* **Description of the task**: When you copy the data, keep every line exactly as written and skip the pictures.
Top of Data
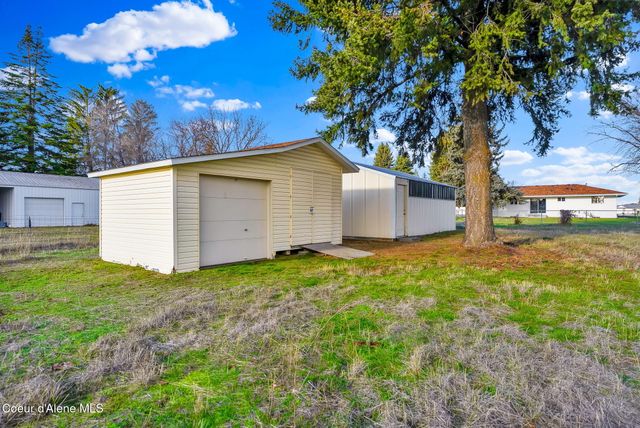 1810 W Honeysuckle AVE, Hayden, ID 83835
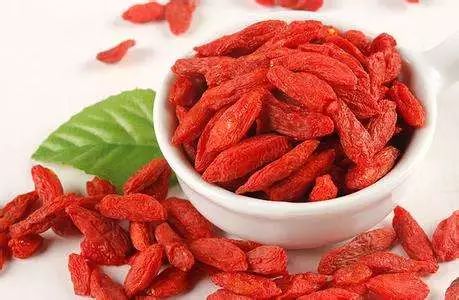 气血不足脸色差, 喝碗素食五红汤 气血不足脸色差, 喝碗素食五红汤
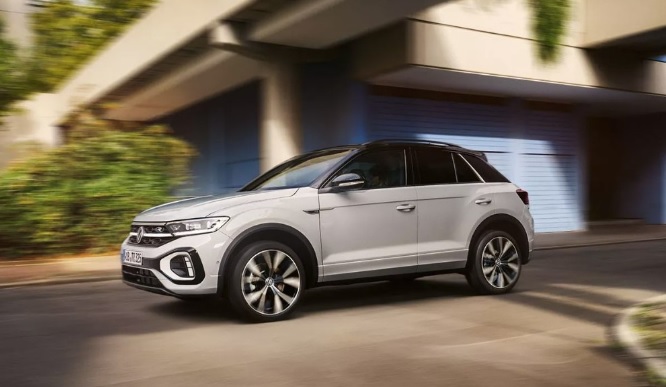 Motori – Ecco le auto più vendute in Italia nel 2023. Tutte le classifiche: diesel, benzina e ibride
Bottom of Data
* **Your solution**:
 1810 W Honeysuckle AVE, Hayden, ID 83835
 气血不足脸色差, 喝碗素食五红汤 气血不足脸色差, 喝碗素食五红汤
 Motori – Ecco le auto più vendute in Italia nel 2023. Tutte le classifiche: diesel, benzina e ibride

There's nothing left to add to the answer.